Audiências de custódia ganham reforço de técnicos do Conselho Nacional de Justiça

A primeira visita ao Núcleo de Custódia de Cuiabá pela equipe de consultoria vinculada ao Conselho Nacional de Justiça (CNJ) foi realizada nessa quinta-feira (4 de julho), como parte do programa Justiça Presente. A iniciativa é encabeçada pelo CNJ em parceria com o Programa das Nações Unidas para o Desenvolvimento (PNUD) no intuito de colocar o Poder Judiciário como protagonista no enfrentamento ao estado de crise do sistema penal brasileiro.

O juiz que coordena as audiências de custódia na Capital, Marcos Faleiros da Silva, apresentou as dependências e percorreu todo o espaço do setor com as  consultoras. Visitaram, desde as salas de psicologia, papiloscopia, até as celas da carceragem, e se inteiraram como é realizado o procedimento na Comarca de Cuiabá.

“Isso é muito bom, porque podemos fazer um alinhamento para melhora do atendimento ao jurisdicionado. Com o apoio técnico do CNJ, pretendemos aprimorar, principalmente no sentido de diminuir essa dicotomia entre prisão e soltura e criar um meio termo melhor em um sistema de redes. Temos inúmeras outras medidas e encaminhamentos que são remédios mais eficientes no controle da criminalidade do que essa dualidade entre cadeia e rua”, pontuou o magistrado.

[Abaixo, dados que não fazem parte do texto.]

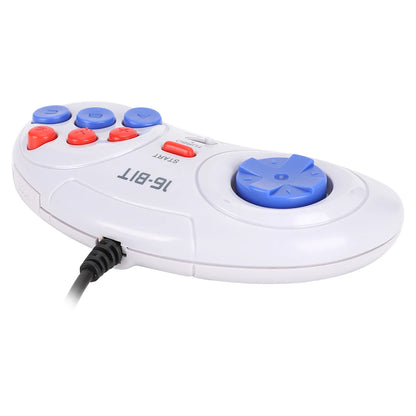16-Bit Mini Handheld Game Controller - Ergonomic for Sega Genesis
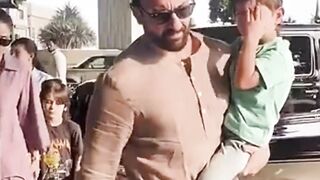 The Pataudi family is off for Diwali Vacation in style! #saifalikhan #short #youtubeshort #shorts #trending #viral #shortvideo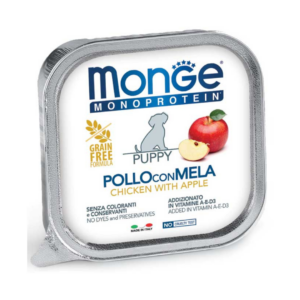 Monge Monoprotein Dog Puppy&Junior Paté Pollo con Mela - 150 g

Faleiros destacou a importância do programa, haja vista que se baseia em fundamentos científicos e tratados internacionais que representam uma evolução civilizatória do atual sistema criminal. “Hoje, o crime tem que ser tratado não só com o enfoque jurídico, mas também com um enfoque multidisciplinar, como um fato social, a parte profilática e a parte repressiva de uma forma integrada, com outros profissionais. Essa visão míope de que se aplica apenas o Direito para resolver o problema do crime, além de muito rudimentar, não tem eficiência prática porque só ataca fatos que já ocorreram, não fatos que estão ocorrendo ou fatos que estão porvir”.

A coordenadora do Justiça Presente em Mato Grosso, Natália Vilar, pontuou que a intenção é fortalecer e aprimorar o sistema prisional, tendo em vista os problemas graves, como superpopulação e superlotação nas unidades prisionais. “O objetivo do programa é atuar juntamente com os Estados nessa questão do sistema prisional. Ver quais são os gargalos, o que pode ser modificado, atuando em vários eixos”.

Dentre esses eixos, um deles é a audiência de custódia – a porta de entrada para o sistema penitenciário. A consultora designada para acompanhar esse eixo no âmbito do Judiciário mato-grossense é Carolina Azevedo, que ficará no Estado pelo período de 18 meses.

“Esse trabalho será desenvolvido para qualificar e fortalecer as audiências de custódia, conforme a Resolução 215 do CNJ. A princípio, será um trabalho de observação, durante o primeiro período, para que possamos fazer a parametrização em nível nacional, e no sentido sempre de somar esforços, melhorar conjuntamente. Devemos ter um olhar muito sensível para a pessoa que está custodiada e também para os operadores do direito”, pontuou a consultora.

O programa será realizado em todos os tribunais de justiça do país, dividido em quatro eixos de ação: legalidade e proporcionalidade na responsabilização penal, com foco na redução da superlotação; uso da tecnologia para promoção da cidadania, tendo como principal produto a nacionalização do Sistema Eletrônico de Execução Unificado (SEEU); medidas voltadas à promoção da cidadania nos espaços prisionais e da política de reinserção social para egressos; e atenção ao sistema socioeducativo.